The Colorado Bar Association has seen its insurance coverage evolve over the years in response to various imagined or actual legal malpractice insurance availability and premium crises. Beginning in the mid-1970s and continuing through the 1980s, the CBA switched its bar-sponsored carriers several times in an effort to expand coverage and keep premiums low for its members. Currently, the bar-endorsed carrier is Coregis.

The number and severity of legal malpractice claims have continued to increase linearly since the 1970s, as has the cost of insurance. Policies have generally become more restrictive as exclusions have multiplied. Coverage on an occurrence basis has become nonexistent as carriers have adopted a claims made approach to coverage determination. Many policies now have "wasting" features wherein the coverage amounts are reduced by defense costs, placing some insureds in peril of ultimately having little or no coverage by the conclusion of a litigation matter involving substantial legal fees and expense.

Plaintiffs' personal injury attorneys still account for approximately 25 percent of legal malpractice cases as far as frequency of losses is concerned, and comprise 35 percent of the most severe payouts. Another significant area of frequency of losses and severity of losses is the field of domestic relations, which accounts for 17.7 percent of loss frequency and 9.7 percent of severity of loss.

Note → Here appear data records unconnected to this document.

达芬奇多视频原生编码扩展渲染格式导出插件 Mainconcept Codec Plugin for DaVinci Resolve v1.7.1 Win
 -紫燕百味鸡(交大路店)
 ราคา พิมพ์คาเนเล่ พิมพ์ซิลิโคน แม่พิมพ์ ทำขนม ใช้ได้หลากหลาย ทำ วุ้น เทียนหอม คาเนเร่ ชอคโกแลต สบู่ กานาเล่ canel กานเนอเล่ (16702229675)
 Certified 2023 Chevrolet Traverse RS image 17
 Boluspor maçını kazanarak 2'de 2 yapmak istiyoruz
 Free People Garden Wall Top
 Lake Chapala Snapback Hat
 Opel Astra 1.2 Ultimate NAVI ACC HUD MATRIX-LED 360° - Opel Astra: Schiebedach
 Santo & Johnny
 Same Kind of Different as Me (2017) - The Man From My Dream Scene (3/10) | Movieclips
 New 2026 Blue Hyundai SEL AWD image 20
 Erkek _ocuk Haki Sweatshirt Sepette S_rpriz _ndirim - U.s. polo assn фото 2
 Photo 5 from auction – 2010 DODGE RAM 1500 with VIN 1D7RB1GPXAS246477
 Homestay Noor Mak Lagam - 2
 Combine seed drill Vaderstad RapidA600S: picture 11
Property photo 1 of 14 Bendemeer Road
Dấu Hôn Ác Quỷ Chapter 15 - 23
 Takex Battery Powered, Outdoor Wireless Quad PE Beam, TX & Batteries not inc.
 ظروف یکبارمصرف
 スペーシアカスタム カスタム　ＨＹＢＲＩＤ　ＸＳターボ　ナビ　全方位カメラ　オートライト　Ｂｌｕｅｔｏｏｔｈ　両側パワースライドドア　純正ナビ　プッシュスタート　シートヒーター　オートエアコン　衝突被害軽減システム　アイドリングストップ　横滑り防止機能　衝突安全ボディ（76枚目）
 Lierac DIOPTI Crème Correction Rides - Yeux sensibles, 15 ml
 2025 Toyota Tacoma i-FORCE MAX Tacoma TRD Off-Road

As creative attorneys assert more imaginative claims against other attorneys, as the appellate courts expand the duties of attorneys to clients and nonclients, and as jurors continue to pass judgment on lawyers who collectively have a terrible public image, it is reasonable to presume that legal malpractice insurance premiums will continue to escalate, grievances filed against attorneys will continue to proliferate, and the number of claims and the magnitude of the settlements and judgments related to those claims will most assuredly continue to increase in intensity and scope.

Basic Concepts

Before reviewing evolutionary and current law concerning legal malpractice claims, readers must first understand the basic precepts under which an attorney's negligence or breach of contract or of fiduciary duty may lead to his or her culpability to an individual or entity. Colorado common law has required that there be an attorney-client relationship before an individual could successfully sue his or her attorney for legal malpractice.2 To prevail in a legal malpractice claim against an attorney or law firm, it is incumbent on the plaintiff to demonstrate that (1) a duty of care was breached by the attorney to his or her client, and (2) as a direct and proximate result of such breach, the plaintiff suffered damages.3 The plaintiff cannot recover from the lawyer what was not recoverable from the defendant in the underlying action.4

The duty owed by an attorney to his or her client is to employ that degree of knowledge, skill, and judgment ordinarily possessed by a member of the legal profession at the time the task is undertaken.5 The existence of an attorney-client relationship is one founded on contract, which contractual relationship may be implied from the conduct of the parties.6

Business Transactions With Clients

The seminal cases defining the nature of an attorney's duties involving business transactions with clients date from the last century: Rogers v. Marshall7 and Rogers v. R.E. Lee Mining Co.8 It is axiomatic that before an attorney gets involved in a business transaction with a client, the attorney should make full disclosure concerning potential conflicts, as well as all information available to him or her bearing on the potential transaction. Further, the attorney should adhere to the following guidelines:

1) -the attorney must show that he or she has done as much to protect the client's interest as the attorney would have done in the case of a client dealing with a stranger;

2) -the names of all copurchasers must be disclosed to the client if a purchase is involved in the...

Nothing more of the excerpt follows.